Im Mittelpunkt der bewegenden Geschichte steht der sympathische jüdische Junge Rafal, den man schnell in sein Herz schließt. Aus seiner kindlich-naiver Perspektive werden der für ihn so selbstverständliche Alltag, die trostlosen Zustände und die angsterfüllte Atmosphäre sehr offen und unbekümmert geschildert, so dass man rasch Anteil an Rafals Schicksal nimmt. Sehr rührend ist auch sein Verhältnis zum Großvater beschrieben, der versucht, die grausame Wirklichkeit vor ihm geheim zu halten. Die anfangs unterschwellige Spannung steigt mit Rafals abenteuerlicher Flucht immer mehr, so dass man das Buch kaum noch aus der Hand legen kann.
Sehr glaubwürdig ist Rafals charakterliche Weiterentwicklung beschrieben, wie er die Zusammenhänge immer besser begreift, Freunde gewinnt und über sich hinaus wächst. Hierbei bleibt er aber immer noch ein Kind, das manchmal unvorsichtig handelt und sich in seine Bücherwelt hineinträumen kann. Der Autor macht in seinem Roman sehr deutlich, dass vor allem Freundschaft, Menschlichkeit, Liebe und die Kraft der Hoffnung in solchen schicksalhaften Zeiten am wichtigsten sind. Das geschickt eingeflochtene „Zeitreise“-Element aus Rafals Lieblingsbuch die „Zeitmaschine“ von H.G. Wells verleiht der Geschichte eine unerwartet fantastische Komponente.
Der flüssige, aber nicht anspruchslose Schreibstil ist perfekt an jüngere Leser angepasst und überzeugt mit einigen schönen Formulierungen. Gelungen sind die bildhaften Beschreibungen von Schauplätzen und Stimmungen, die einen in die bedrückende historische Vergangenheit zurückversetzen. Auch die vielen gut recherchierten historischen Details wurden gekonnt in die fesselnde Handlung eingebunden.

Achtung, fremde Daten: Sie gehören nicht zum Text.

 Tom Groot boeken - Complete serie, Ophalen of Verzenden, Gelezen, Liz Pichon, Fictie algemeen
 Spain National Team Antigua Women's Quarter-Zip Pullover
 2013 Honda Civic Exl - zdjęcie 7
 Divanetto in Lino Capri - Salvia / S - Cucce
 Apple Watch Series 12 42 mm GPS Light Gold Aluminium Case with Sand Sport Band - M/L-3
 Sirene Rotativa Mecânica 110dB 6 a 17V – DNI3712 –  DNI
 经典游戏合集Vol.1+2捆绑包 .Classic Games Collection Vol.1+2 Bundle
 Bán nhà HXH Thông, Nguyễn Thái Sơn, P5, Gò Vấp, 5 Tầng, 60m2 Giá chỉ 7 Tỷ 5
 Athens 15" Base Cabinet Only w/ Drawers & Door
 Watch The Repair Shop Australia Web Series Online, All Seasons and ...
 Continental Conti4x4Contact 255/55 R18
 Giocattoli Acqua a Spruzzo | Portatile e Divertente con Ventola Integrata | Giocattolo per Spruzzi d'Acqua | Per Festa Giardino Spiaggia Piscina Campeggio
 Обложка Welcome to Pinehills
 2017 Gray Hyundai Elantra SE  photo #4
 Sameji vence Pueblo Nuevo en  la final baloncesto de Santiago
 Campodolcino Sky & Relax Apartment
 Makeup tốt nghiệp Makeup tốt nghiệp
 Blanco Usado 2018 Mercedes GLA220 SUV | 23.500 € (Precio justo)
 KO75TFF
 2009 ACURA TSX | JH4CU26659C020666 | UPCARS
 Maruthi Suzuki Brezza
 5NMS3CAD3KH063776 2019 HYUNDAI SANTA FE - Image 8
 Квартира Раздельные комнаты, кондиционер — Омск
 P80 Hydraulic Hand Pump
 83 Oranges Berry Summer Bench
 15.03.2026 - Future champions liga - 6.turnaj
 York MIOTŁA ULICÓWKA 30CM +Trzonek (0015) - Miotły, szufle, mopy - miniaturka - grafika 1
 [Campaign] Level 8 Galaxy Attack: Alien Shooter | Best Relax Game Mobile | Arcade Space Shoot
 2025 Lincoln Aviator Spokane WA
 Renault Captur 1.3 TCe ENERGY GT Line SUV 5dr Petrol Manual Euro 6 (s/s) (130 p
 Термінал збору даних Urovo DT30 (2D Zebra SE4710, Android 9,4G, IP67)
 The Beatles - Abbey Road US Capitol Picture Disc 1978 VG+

Der Ausgang des bewegenden Romans ist überraschend, wirkt aber insgesamt glaubwürdig und nachvollziehbar. Im „Nachwort oder Was die erste Leserin dieses Buches von mir wissen wollte“ findet man noch einige interessante Informationen zum historischen Hintergrund und den erfundenen Teilen der Geschichte. Zusammen mit dem Epilog erhält der Roman so einen nachdenklich stimmenden und zugleich versöhnlichen Ausklang.

FAZIT
Ein ergreifender, einfühlsam erzählter Roman über den Holocaust und das Warschauer Ghetto, den man nicht so schnell vergisst! 
Ein empfehlenswerter Roman auch für jüngere Leser ab 10 Jahren!